Last week, PARISTEXASLA debuted ​Interior/Exterior​, the first solo exhibition by Brooklyn-based artist Darryl Westly. Inspired by internet culture and ever-shifting ‘ways of seeing,’ Westly’s hyperrealistic oil on canvas works meditate on the newest lens through which representation and identity are presented. 

Camelia 40x30

Disrupted space, disjointed landscapes, and pixelated environments inform Westly’s unique painting style as he examines culture and ethnicity as seen through our hand-held screens. Using a signature layered aesthetic, he melds the mental and the physical, historical elements and present-day tropes, reality and performance of the self; all boundaries become blurred.

Up close, his large-scale paintings appear to be an abstraction of colorful liquescent shapes. Upon closer examination, the forms assemble into recognizable moments in history, absorbed into contemporary scenes of idealistic “pics” referencing selfie and FOMO culture. As the line between reality and fiction becomes thinner, Westly wants us to embrace the mess and grow to love and understand a newfound ambivalence.


In his Odalisque paintings, beautiful women ​cuddle Hello Kitty plush toys in part art-historical reference, part curated post. In other scenes, a family-friendly patio table is set before a porn-site pop-up window and a Greco-Roman muse teeters before a Ricci-esque African chambermaid, both floating in timeless and jumbled pixelated space. Chandeliers and flowers appear as signifiers of false opulence while hints of blue sky and greenery attempt to break through the internet takeover, reminding that there is a world beyond the screen.

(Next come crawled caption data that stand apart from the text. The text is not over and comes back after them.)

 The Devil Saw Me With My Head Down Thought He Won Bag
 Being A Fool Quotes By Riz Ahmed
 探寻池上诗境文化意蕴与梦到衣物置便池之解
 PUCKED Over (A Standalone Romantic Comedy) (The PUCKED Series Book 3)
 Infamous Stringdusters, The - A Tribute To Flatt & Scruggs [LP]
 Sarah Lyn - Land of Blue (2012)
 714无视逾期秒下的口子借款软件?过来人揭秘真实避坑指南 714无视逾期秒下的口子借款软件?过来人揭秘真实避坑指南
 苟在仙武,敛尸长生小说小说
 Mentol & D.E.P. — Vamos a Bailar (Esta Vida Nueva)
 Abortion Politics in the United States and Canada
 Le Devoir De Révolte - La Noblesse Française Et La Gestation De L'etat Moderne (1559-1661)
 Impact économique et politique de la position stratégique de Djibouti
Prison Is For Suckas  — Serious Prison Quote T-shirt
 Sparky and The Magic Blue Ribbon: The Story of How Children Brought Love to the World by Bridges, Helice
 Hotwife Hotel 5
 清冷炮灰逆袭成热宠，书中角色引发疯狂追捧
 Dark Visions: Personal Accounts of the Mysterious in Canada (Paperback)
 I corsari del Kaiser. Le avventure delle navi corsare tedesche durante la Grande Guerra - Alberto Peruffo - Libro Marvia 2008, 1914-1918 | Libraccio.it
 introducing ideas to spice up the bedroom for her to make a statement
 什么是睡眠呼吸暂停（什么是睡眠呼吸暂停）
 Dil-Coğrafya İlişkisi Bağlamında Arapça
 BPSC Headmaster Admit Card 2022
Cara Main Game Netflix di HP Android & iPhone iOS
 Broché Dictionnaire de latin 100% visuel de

“Westly's work alludes to a mental space, most likely on a screen reflecting back at you, which compounds into a physical space, such as a list of handwritten hashtags or an intimate selfie snapped in some exotic bathroom beyond. That place between one’s mind and body is the vortex of the show.” –​Hilde Lynn Helphenstein, Director,​ ​PARIS​TEXAS​LA

Darryl Westly's Interior/Exterior is on view through December 21, 2019.